Hastings, for all times he’s been slagged by the press, Wall Street, even his own customers, seems to have played his cards right… Find me a device– be it a game console from Sony or Microsoft, a phone or tablet from Apple or the myriad Android hacks on huge handsets –that doesn’t have some way to access Netflix? Usually its because Netflix already has their very elegant (and constantly upgraded) steaming app placed on the device through a licensing deal that works for everyone. It adds value to the popular devices that it is on (with so many subscribers, 29.2 million by the last count, a device maker would be idiotic not to allow the Netflix app on their hardware). Perhaps Jeff Bezos sees a future where apps might be shut out by envious device makers, but Reed Hastings apparently thinks otherwise. Netflix won’t bother releasing a set-top box into an already cluttered marketplace (not to mention the already cluttered home entertainment areas of most homes) because it already dominates with an app that allows subscribers at no additional fee (well, except for Xbox owners that I pity and laugh at) to gain access to those old B-movies, old TV shows, and yes, premium original shows wherever they might be.

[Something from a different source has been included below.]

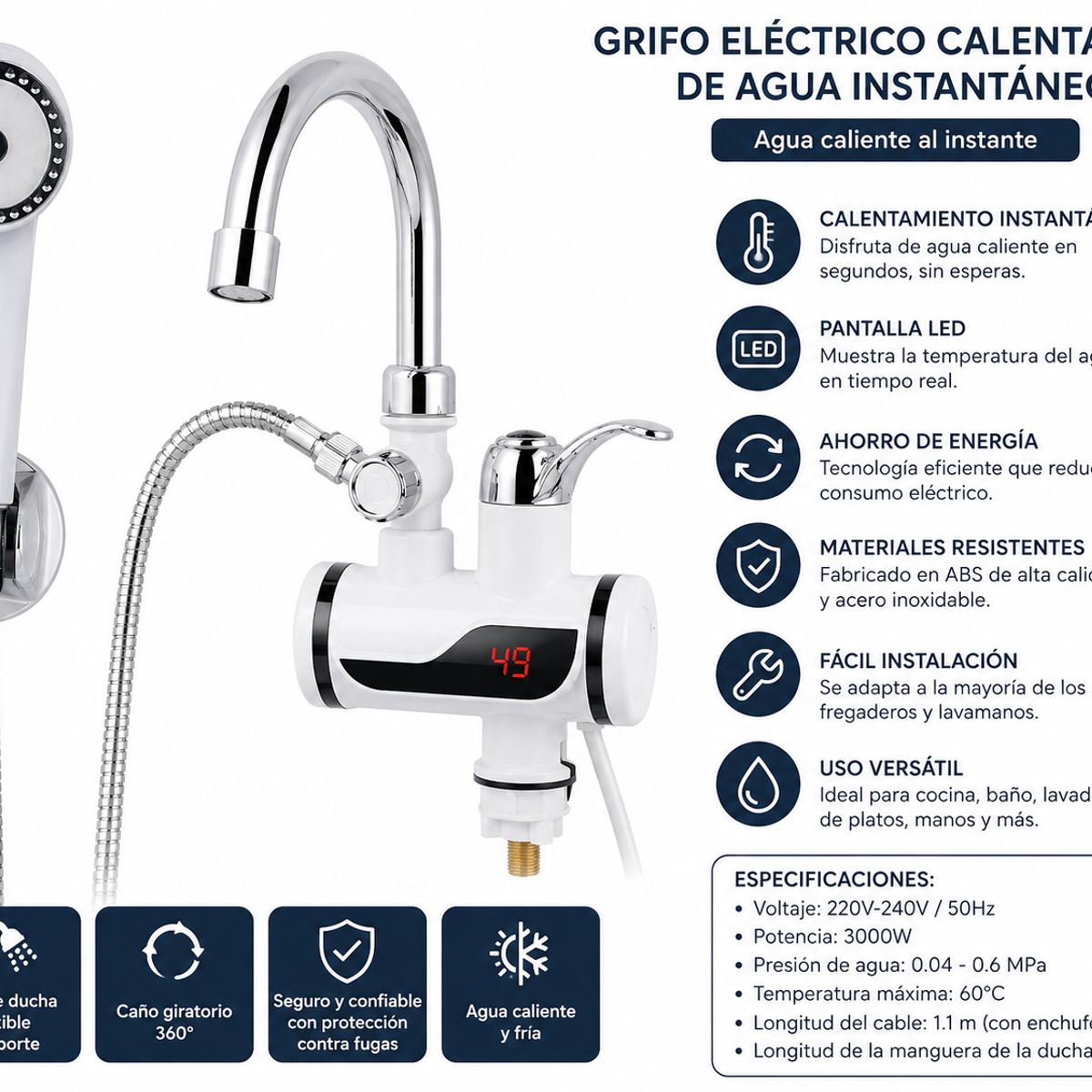 GENERICO - Grifo Eléctrico Calentador de Agua Instantáneo con Ducha y Display LED
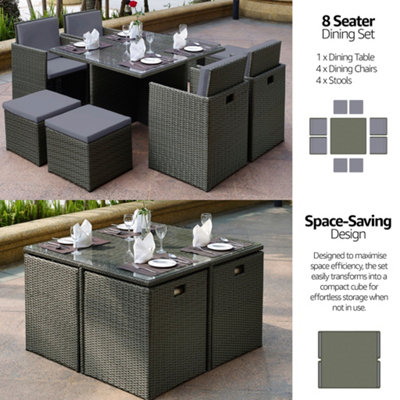 Duomo Rattan Cube Garden Outdoor Furniture 8 Seater Table & Chairs Set With Rain Cover - 5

So, go… take a look at your own entertainment center and look behind the TV stand or furniture you use to support your HDTV, Blu-ray player, cable box, game console, audio equipment/soundbar, perhaps you have a computer there, too (like my own Mac Mini used to showcase content I buy off iTunes Store in glorious 1080p). Take a good look at all those cables, power bricks (ugh!), the complicated mess of connections needed to deliver digital delicacies from one end to the other. Now ask yourself… Do I really need another set-top device (no matter how small)? Do I have room on my HDTV for another HDMI cable (notice how they never seem to daisy-chain from the other devices) or room on the ol’ surge-protecting power strip for another UL-approved electrical cord? Do I really need something that just offers me stuff from Amazon when I’m already locked into Apple’s walled-garden; heck, do I even like the idea of a walled garden from which there is seemingly no escape? And, to think… I haven’t even mentioned Google TV in this piece at all! In the end, it might be smart for tech companies to begin asking some basic questions before creating yet another piece of hardware that, over the long haul, might just sit, gathering dust rather than being truly useful.